3 RIZOMA METODOLÓGICO E EXPERIÊNCIA ETNOGRÁFICA: VIVER O MÉTODO E PLATÔ AUTOBIOGRÁFICO DA PESQUISADORA

3.2 MEU PLATÔ METODOLÓGICO: O PERCURSO DE UMA INICIANTE NA ETNOGRAFIA

Após meu retorno ao Brasil tive pouco mais de um mês para a entrada em campo. Procurei, em um momento de surto cartesiano, me preparar para o início do trabalho de campo, elaborando um roteiro ou guia orientador do que poderia ser observado nos encontros coletivos dos professores. Além disso, eu tinha em mente que deveria iniciar a etnografia buscando interagir com todos os docentes do curso de Design de Interiores, pois não sabia quantos iriam aceitar participar formalmente da pesquisa. Fui ao encontro desses professores no primeiro dia de seu retorno das férias escolares de 2011. Era um momento coletivo, mas geral, em que todos os professores do Instituto foram convocados a comparecer no Auditório principal do Campus Maceió para as boas vindas do ano letivo e programação específica.

Pensei que seria mais apropriado vê-los em um momento mais descontraído de reencontro com os colegas e de planejamento do ano letivo. Essas eram algumas das “certezas” que eu achava que tinha e que foram derrubadas logo no primeiro dia em campo, 01 de fevereiro de 2011.

Sentei próxima de 3 (três) professoras do curso de Design de Interiores, que se sentaram nas poltronas do lado direito do auditório, outros 3 (três) professores ficaram umas seis fileiras atrás de nós, e outros 2 (dois) não sentaram próximos, mas do lado esquerdo e no fundo do auditório.

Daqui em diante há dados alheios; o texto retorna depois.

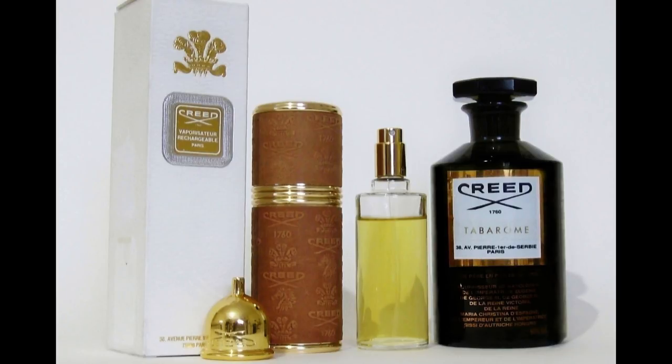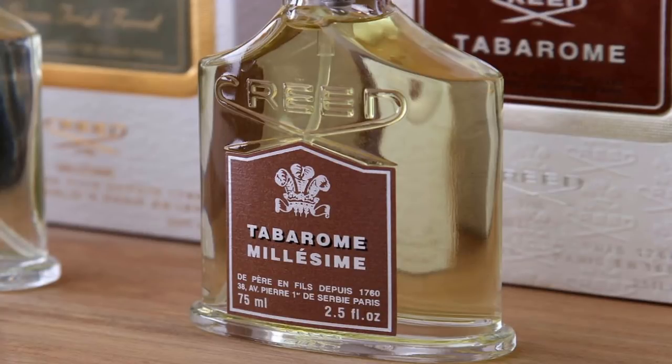It was a very manly, old-fashioned juice, which is why people don't talk about this Tabarone a lot. This version was released in 2000 and was created by Oliver Creed, sixth generation Creed. I have a 5ml decant, I've given it a few wearings and enjoyed every single one.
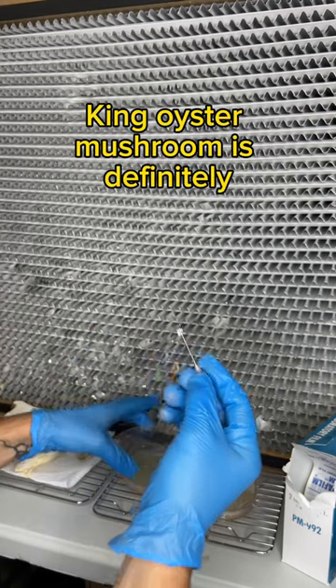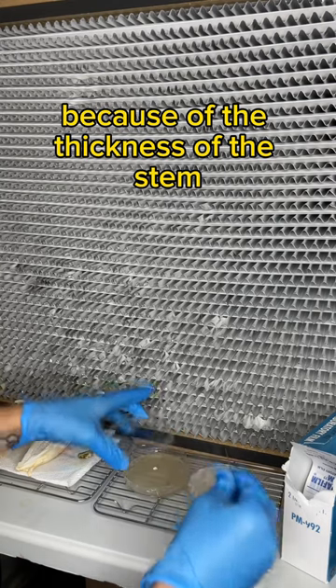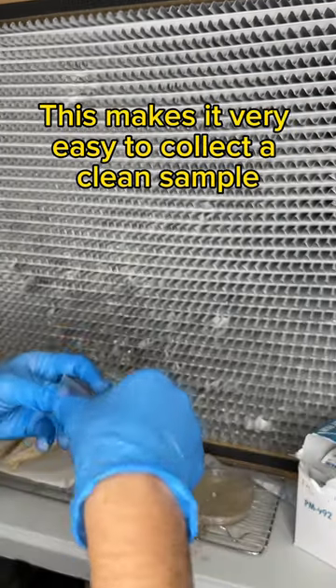King oyster mushroom is definitely the easiest mushroom that you can clone because of the thickness of the stem. This makes it very easy to collect a clean sample.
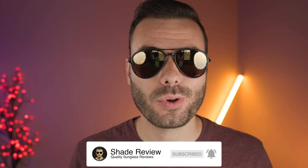Or if you have a pair yourself, let us know what you think in the comment section down below. That's all for this video. If you enjoyed it, make sure to give me a big thumbs up below, and of course hit that subscribe button so you'll be notified every single time I upload a brand new video. Thank you all so much for watching, and I'll catch you all in the next one.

Durante as atividades no auditório percebi uma impaciência dos professores em relação à programação proposta pela instituição: palestras e subgrupos para discussão de atividades pedagógicas e letivas. Apesar de ser um retorno pós-férias, a palestra de abertura sobre a “Identidade dos Institutos Federais” adiantou, para

mim, um percurso de dúvidas e conflitos em relação ao campo e, para os professores presentes, aparentemente provocou um total desinteresse pelo tema. Logo fiquei repleta de questões: há sempre a referência ao hibridismo dos professores da área geral e professores da área técnica; professores do quadro de carreira do ensino básico, técnico e tecnológico e professores do magistério superior; docente e profissional (arquiteto, engenheiro, advogado, psicólogo, etc).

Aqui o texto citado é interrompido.